IV “Remember the seventh day and keep it holy.” Whether people keep the Sabbath or not is pretty clear cut. But, the justifications and excuses as to why they don’t are always creative. People will say that they serve G-d in their own way, when they have the time, and not necessarily on the allotted day. Just try that routine on your girlfriend and tell her you’re celebrating Valentine’s Day on June 3rd or tell your wife you’ll remember your anniversary when you get a chance. The Sabbath is not just a concept that can be applied when it suits us. It’s a divinely determined appointment with energies unique to its time and place in the universe.

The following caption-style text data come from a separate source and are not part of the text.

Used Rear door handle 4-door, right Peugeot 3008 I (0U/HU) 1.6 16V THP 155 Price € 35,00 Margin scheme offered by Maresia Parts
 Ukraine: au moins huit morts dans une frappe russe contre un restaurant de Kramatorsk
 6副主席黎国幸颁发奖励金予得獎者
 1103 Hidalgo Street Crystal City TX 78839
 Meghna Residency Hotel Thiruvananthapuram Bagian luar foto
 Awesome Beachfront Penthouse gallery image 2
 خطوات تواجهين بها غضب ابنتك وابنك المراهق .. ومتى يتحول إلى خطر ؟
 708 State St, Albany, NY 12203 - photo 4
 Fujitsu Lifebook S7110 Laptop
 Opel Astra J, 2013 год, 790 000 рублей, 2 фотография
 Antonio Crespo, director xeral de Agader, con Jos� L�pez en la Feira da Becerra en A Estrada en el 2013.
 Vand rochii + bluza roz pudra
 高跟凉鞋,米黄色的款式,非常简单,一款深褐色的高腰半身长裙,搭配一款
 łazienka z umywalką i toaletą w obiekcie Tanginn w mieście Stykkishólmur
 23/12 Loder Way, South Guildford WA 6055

V “Honor they mother and father.” Most people think this decree means not to be rude to your parents while they are alive. It doesn’t stop there. This commandment doesn’t have a statute of limitations and does not expire when our parents pass on. Even after they die our behavior in this world reflects on them. If we behave immorally, are corrupt, or, conversely, are decent to others, our behavior honors or dishonors them. Remember it doesn't say to love our parents, just honor the fact that they gave us life. Don't make efforts to diminish them, embarrass them or criticize them, even if they are already lowly characters or not everything you wanted them to be. The Kabbalists say that the souls of unborn babies actually pick the parents they will be born to. So if you have any complaints, well, you picked ‘em!

VI “Thou shalt not murder.” Just as you were about to breathe a sigh of relief and count this as a commandment you surely didn’t break, know that embarrassing a person in public, according to the Talmud, is tantamount to murder as it causes the blood to rush away from someone’s face. Breaking someone’s pride and dignity and crushing their spirit is also regarded as a form of murder. As we’ve all certainly heard before, death and life are in the tongue.

VII “Thou shalt not commit adultery.” Jewish law is very clear here: Your wife may be a witch, your husband a muttonhead; your marriage may be dead, you may be sleeping in different rooms, nonetheless if you drop your pants in the wrong place, it is still adultery.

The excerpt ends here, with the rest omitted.